The Arizona Republic, a generally conservative newspaper that has never in its 126-year history supported a Democrat over a Republican, has endorsed Clinton — because “this year is different.”

Buffalonians got their first glimpse at the man who will reshape the Museum District last night in the Buffalo Niagara Convention Center, where architect Shohei Shigematsu spoke during a public meeting about Albright-Knox Art Gallery’s $125 million expansion project.

An Italian-American teacher and some Tuscarora Indian students created a movement that led the Niagara Wheatfield School Board last week to do away with the Columbus Day holiday. Instead, the second Monday in October will be observed as Indigenous Peoples Day by the school district.

Amy Spitalnick, who has held several press roles at City Hall since NYC Mayor de Blasio took office in 2014, is leaving to become the press secretary for AG Eric Schneiderman. She starts her new job Oct. 17, replacing Matthew Mittenthal, who recently left Schneiderman’s office to join the Clinton campaign.

Board members at the New York Power Authority were warned they’ll have to tighten their belts now that the agency has been handed the responsibility for running the state Canal Corporation.

A NYC Council bill to increase levels of biodiesel fuel in home heating oil — which supporters say will make the city greener — passed a key hurdle that will allow it to come to a full vote today.

NYC is launching a new effort to get more teens to sign up for the IDNYC card by putting enrollment centers in some schools. Schools Chancellor Carmen Fariña will kick off the campaign this morning by signing up for her own card at Fort Hamilton High School in Brooklyn.

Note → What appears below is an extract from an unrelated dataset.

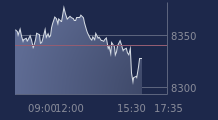 Graphique CAC-40 FR0003500008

Former Chief Judge Jonathan Lippman told a judicial panel headed by his successor that he would support a constitutional convention next year to ensure New York guarantees civil legal services for the poor.

Teenagers who are subject to isolation at the Onondaga County Justice Center are given a 200-plus-page packet of education materials to complete as they sit alone in cells for 23 hours a day.

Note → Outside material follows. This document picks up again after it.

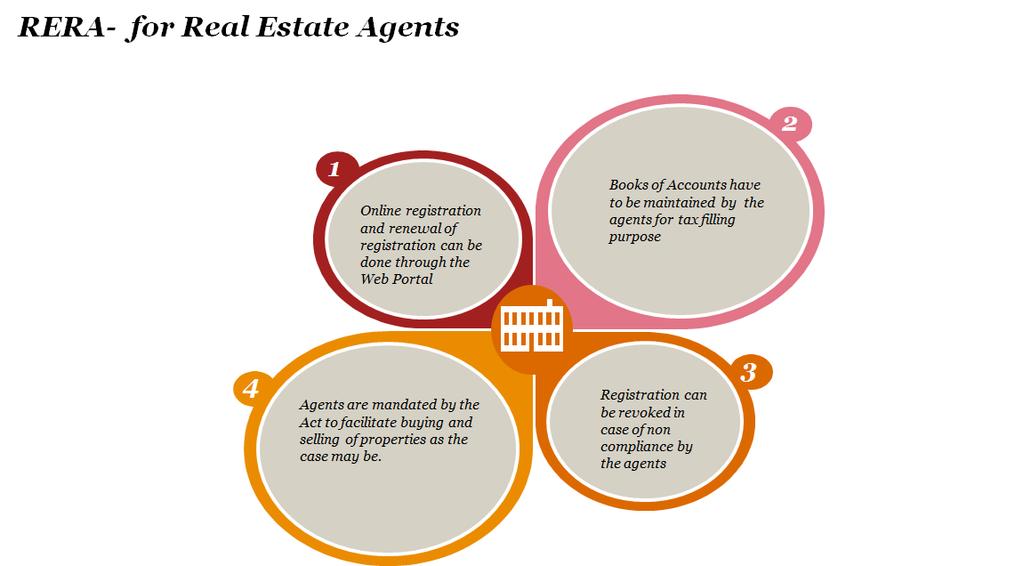 RERA for Real Estate Agents Under this Act, the Real Estate Agent shall furnish the following information and documents for registration along with the required forms with the regulatory authority: a.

U.S. Sen. Chuck Schumer wants a summit held in Washington, D.C. on where to put a new Amtrak station in Buffalo – should one be built following the recent collapse of a part of the current’ station’s roof.

A New York City Council oversight hearing tomorrow examining a decision by de Blasio’s administration to lift deed restrictions on a Manhattan nursing home is expected to be contentious, exposing simmering tensions between lawmakers and the mayor’s office.

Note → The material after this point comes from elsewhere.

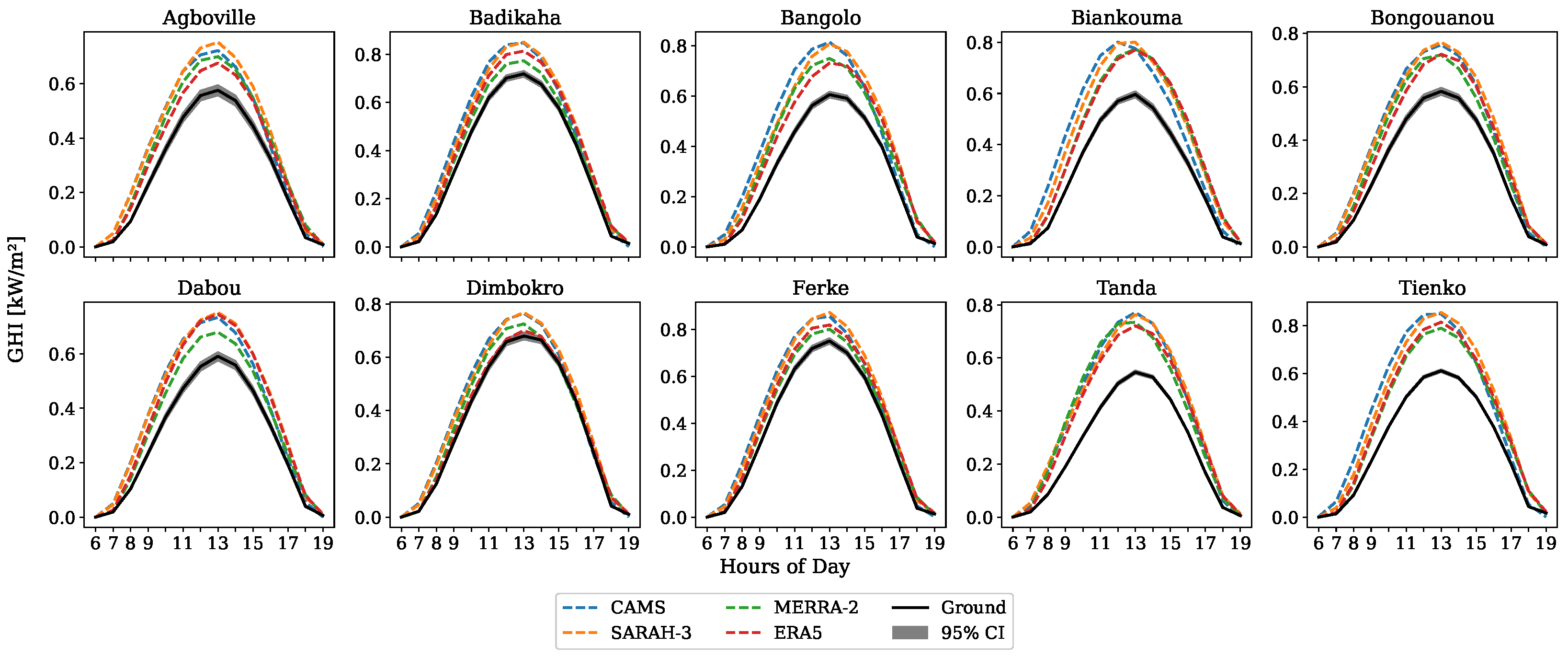 Remotesensing 17 00998 g013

Former American International Group Chief Executive Maurice R. “Hank” Greenberg defended his focus on profits during nearly four decades as he took the witness stand yesterday in a long-delayed state court trial about alleged civil fraud.

For the first time in memory, the Oneonta and Cooperstown Leagues of Women Voters will not be putting on a debate between local congressional candidates. In this case, Democrat Zephyr Teachout and Republican John Faso in NY-19. Reportedly, he agreed to the event, while she did not.

Mastic Beach officials say a former village employee posed as a police chief and conducted background checks and searches on more than 400 village residents, illegally gaining access to Social Security numbers and criminal records.

St. John’s University has sold its 170-acre waterfront campus in Oakdale to a private, nonprofit international education group for $22.5 million, officials of the Queens-based school announced.

The twice-delayed sentencing of former Town of Oyster Bay Commissioner Frederick Ippolito for tax evasion is scheduled for today in federal court in Central Islip.

A Nassau County grand jury has indicted former North Hempstead Democratic Party leader Gerard Terry on tax fraud counts after his second arrest on such charges in August.

Improving power supply to the South Fork will cost all Long Island ratepayers $3.67 a month each by the time several phases of a PSEG Long Island project to address a looming shortage are completed by 2026, according to documents released by LIPA.

Former Israeli Prime Minister and president Shimon Peres, a Nobel prize-winning visionary who pushed his country toward peace, died early today. He was 93.